[Saved data entries]
▼▼▼

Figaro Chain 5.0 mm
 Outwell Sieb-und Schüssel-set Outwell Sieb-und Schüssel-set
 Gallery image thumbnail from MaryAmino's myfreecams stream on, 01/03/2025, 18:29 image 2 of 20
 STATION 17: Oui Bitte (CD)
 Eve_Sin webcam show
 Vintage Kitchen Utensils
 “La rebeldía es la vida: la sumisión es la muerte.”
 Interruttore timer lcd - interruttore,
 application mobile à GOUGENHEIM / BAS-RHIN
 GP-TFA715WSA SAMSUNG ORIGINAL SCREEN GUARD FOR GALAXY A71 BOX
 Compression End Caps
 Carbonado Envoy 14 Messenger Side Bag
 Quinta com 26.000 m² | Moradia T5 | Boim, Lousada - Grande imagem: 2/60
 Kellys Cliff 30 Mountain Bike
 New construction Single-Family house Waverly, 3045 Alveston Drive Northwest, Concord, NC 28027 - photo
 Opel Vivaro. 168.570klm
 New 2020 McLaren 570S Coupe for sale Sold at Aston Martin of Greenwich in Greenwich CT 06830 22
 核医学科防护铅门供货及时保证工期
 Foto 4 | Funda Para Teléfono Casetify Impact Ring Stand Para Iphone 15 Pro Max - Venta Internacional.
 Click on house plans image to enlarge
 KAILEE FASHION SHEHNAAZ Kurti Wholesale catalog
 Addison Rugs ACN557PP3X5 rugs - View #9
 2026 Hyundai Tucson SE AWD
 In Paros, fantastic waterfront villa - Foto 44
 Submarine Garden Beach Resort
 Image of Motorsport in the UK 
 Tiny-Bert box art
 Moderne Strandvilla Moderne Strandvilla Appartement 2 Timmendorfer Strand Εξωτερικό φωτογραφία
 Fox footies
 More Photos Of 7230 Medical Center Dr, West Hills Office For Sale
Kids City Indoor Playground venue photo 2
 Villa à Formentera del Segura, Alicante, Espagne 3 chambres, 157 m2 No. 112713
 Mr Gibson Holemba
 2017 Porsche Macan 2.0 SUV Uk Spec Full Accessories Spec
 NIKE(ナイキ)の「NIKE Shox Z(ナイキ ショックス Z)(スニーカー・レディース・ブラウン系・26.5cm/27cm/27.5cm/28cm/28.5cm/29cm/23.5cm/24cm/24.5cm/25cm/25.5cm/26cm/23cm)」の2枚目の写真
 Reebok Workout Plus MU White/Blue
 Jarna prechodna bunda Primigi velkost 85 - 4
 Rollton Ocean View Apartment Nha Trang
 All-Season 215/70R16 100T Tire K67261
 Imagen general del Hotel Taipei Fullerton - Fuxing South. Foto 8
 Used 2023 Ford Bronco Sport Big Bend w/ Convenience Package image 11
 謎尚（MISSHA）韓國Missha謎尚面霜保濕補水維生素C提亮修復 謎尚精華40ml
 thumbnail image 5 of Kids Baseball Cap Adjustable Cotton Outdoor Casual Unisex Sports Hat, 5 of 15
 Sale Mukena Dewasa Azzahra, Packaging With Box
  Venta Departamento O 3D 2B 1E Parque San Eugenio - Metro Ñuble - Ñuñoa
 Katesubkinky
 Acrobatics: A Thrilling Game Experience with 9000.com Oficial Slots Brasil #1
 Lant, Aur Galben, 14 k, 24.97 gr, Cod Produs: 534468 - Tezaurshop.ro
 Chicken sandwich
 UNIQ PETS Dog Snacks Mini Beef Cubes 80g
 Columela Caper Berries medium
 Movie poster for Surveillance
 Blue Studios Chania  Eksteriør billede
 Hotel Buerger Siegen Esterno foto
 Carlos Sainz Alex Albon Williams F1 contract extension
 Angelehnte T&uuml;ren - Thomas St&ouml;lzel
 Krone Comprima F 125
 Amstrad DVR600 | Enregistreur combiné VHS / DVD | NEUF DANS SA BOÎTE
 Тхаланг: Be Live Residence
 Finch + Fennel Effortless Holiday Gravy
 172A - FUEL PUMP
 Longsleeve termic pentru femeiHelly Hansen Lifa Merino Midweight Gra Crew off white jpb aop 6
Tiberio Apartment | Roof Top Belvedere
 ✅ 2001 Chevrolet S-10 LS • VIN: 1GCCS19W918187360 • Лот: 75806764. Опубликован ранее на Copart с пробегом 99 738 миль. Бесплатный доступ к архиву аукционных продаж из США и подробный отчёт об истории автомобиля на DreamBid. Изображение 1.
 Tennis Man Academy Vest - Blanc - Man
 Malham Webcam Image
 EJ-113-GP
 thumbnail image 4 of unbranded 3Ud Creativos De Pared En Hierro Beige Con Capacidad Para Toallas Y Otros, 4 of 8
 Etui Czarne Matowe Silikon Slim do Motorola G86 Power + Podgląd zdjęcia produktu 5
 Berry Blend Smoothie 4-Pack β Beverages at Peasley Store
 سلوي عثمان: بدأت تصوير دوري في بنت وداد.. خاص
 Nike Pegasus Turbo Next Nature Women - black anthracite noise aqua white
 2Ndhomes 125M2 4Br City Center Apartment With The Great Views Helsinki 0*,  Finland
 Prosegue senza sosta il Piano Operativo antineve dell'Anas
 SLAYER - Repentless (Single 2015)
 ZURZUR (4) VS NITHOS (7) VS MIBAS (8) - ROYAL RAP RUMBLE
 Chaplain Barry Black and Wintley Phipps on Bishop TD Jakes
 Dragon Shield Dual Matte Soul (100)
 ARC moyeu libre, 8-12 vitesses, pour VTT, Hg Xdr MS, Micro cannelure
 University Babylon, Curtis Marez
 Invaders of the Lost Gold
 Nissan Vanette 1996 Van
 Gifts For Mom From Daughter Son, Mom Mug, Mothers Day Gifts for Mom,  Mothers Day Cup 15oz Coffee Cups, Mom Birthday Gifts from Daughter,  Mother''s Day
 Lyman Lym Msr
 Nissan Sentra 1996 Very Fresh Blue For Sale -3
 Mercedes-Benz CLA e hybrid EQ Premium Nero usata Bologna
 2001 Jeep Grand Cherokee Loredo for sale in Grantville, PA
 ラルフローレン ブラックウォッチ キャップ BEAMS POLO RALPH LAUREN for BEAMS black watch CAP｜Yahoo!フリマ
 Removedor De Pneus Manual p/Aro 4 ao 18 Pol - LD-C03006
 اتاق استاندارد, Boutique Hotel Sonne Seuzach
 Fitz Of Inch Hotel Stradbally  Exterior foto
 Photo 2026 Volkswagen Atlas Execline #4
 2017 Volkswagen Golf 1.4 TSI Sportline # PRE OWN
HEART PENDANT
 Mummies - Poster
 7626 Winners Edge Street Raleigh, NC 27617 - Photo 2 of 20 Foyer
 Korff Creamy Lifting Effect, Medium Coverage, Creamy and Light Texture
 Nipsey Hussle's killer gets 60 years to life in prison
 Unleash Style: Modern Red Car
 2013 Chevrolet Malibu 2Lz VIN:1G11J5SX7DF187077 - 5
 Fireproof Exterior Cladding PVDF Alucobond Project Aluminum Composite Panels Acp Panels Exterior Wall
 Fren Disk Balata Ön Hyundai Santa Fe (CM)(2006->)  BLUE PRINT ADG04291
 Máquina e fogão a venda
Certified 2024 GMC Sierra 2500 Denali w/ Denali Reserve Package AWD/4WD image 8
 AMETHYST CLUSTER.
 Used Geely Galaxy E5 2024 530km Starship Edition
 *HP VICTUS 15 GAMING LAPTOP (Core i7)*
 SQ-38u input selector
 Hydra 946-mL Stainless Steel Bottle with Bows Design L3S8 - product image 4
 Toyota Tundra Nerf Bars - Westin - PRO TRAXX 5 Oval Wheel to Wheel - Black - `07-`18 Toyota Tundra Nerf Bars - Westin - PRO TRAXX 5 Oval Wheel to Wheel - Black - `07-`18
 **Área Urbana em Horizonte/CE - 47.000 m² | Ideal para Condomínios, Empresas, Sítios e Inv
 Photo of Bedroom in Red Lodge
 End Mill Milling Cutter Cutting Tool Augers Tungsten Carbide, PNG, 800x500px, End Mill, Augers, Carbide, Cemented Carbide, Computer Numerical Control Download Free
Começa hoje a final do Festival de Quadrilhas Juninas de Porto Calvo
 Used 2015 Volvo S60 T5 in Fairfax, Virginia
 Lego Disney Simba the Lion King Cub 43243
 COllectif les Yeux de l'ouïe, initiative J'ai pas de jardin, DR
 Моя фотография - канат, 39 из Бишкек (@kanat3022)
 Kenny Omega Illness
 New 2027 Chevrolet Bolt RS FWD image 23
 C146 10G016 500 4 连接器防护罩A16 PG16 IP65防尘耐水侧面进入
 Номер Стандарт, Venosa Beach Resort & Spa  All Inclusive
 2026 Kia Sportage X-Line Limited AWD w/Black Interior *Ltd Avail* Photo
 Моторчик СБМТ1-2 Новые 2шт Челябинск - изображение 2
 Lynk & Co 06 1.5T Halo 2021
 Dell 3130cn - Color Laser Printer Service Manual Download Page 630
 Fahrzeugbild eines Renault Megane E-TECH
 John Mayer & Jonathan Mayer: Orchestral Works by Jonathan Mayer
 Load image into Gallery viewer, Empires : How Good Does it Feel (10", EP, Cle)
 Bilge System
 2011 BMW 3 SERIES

▲▲▲

### EXERCISE PROMPT
From the records above, copy only the lines starting with the line that holds "Quinta com 26.000" and going on through the line that holds "Kids City Indoor Playground venue photo 2", exactly as written.

### EXPECTED ANSWER
 Quinta com 26.000 m² | Moradia T5 | Boim, Lousada - Grande imagem: 2/60
 Kellys Cliff 30 Mountain Bike
 New construction Single-Family house Waverly, 3045 Alveston Drive Northwest, Concord, NC 28027 - photo
 Opel Vivaro. 168.570klm
 New 2020 McLaren 570S Coupe for sale Sold at Aston Martin of Greenwich in Greenwich CT 06830 22
 核医学科防护铅门供货及时保证工期
 Foto 4 | Funda Para Teléfono Casetify Impact Ring Stand Para Iphone 15 Pro Max - Venta Internacional.
 Click on house plans image to enlarge
 KAILEE FASHION SHEHNAAZ Kurti Wholesale catalog
 Addison Rugs ACN557PP3X5 rugs - View #9
 2026 Hyundai Tucson SE AWD
 In Paros, fantastic waterfront villa - Foto 44
 Submarine Garden Beach Resort
 Image of Motorsport in the UK 
 Tiny-Bert box art
 Moderne Strandvilla Moderne Strandvilla Appartement 2 Timmendorfer Strand Εξωτερικό φωτογραφία
 Fox footies
 More Photos Of 7230 Medical Center Dr, West Hills Office For Sale
Kids City Indoor Playground venue photo 2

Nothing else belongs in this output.